We can create a HfInferenceEndpoint providing our endpoint URL and credential.

import { HfInferenceEndpoint } from '@huggingface/inference'

const hf = new HfInferenceEndpoint('https://YOUR_ENDPOINT.endpoints.huggingface.cloud', 'hf_YOUR_TOKEN')

// prompt
const prompt = 'What can you do in Nuremberg, Germany? Give me 3 Tips'

const stream = hf.textGenerationStream({ inputs: prompt })
for await (const r of stream) {
  // yield the generated token
  process.stdout.write(r.token.text)
}

How does Streaming work under the hood?

Under the hood, TGI uses Server-Sent Events (SSE). In an SSE Setup, a client sends a request with the data, opening an HTTP connection and subscribing to updates. Afterward, the server sends data to the client. There is no need for further requests; the server will keep sending the data. SSEs are unidirectional, meaning the client does not send other requests to the server.
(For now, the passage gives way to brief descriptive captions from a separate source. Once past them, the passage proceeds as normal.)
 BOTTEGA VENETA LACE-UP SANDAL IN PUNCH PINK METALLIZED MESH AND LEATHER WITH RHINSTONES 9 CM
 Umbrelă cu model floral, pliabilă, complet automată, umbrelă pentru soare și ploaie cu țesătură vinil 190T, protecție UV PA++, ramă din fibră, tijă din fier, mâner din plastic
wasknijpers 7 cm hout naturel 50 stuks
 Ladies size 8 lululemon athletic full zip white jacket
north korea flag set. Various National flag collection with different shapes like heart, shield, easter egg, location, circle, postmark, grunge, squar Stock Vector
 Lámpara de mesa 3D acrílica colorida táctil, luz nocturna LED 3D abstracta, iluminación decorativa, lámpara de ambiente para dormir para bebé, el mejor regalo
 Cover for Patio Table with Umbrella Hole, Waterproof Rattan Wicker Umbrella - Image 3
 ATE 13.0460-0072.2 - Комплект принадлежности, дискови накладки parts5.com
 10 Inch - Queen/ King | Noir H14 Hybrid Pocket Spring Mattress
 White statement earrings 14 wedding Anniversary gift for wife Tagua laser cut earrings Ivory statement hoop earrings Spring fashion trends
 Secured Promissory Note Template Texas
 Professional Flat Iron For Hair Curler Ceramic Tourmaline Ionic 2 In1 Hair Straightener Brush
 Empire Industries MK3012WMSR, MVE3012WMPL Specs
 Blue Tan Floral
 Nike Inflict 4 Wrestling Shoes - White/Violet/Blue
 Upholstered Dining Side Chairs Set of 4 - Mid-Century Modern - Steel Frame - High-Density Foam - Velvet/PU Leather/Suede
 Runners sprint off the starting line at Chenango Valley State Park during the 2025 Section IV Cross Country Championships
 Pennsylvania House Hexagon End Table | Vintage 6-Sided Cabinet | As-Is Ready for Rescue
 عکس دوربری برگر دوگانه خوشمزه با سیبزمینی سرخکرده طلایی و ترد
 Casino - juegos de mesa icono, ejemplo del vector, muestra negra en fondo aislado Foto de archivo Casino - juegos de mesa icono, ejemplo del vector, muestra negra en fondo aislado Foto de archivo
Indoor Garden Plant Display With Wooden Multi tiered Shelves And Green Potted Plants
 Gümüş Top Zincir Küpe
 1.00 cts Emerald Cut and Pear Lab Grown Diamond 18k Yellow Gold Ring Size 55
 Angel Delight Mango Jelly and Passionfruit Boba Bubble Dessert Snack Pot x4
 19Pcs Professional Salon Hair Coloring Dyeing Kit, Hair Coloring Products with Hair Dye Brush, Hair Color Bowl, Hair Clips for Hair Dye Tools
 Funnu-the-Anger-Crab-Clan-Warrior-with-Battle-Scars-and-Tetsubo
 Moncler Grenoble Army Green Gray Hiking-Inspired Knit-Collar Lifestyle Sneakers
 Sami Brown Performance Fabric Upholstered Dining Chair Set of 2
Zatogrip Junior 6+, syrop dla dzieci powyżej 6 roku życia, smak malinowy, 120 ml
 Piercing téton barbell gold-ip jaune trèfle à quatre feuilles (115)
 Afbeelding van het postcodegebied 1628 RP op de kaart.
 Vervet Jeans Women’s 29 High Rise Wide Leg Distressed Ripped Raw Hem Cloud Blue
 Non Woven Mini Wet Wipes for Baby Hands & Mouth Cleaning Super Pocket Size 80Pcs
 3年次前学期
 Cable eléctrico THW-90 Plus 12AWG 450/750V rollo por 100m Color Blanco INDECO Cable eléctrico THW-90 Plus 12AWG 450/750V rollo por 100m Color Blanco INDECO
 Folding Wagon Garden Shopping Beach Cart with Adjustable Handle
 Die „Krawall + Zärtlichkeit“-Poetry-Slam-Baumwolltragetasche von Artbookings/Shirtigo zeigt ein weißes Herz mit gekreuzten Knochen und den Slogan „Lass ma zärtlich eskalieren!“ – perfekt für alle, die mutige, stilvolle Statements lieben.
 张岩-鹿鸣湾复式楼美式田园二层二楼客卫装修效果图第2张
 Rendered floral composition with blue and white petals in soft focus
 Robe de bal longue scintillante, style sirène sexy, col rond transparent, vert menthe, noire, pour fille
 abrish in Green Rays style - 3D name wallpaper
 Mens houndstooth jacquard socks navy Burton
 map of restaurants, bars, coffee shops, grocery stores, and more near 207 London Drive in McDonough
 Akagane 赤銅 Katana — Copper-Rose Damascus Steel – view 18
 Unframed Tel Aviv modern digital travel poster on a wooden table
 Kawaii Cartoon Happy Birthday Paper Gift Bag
SSE sends data over HTTP, making it easy to use.

SSEs are different than:

• Polling: where the client keeps calling the server to get data. This means that the server might return empty responses and cause overhead.
• Webhooks: where there is a bi-directional connection. The server can send information to the client, but the client can also send data to the server after the first request. Webhooks are more complex to operate as they don’t only use HTTP.

If there are too many requests at the same time, TGI returns an HTTP Error with an overloaded error type (huggingface_hub returns OverloadedError). This allows the client to manage the overloaded server (e.g., it could display a busy error to the user or retry with a new request). To configure the maximum number of concurrent requests, you can specify --max_concurrent_requests, allowing clients to handle backpressure.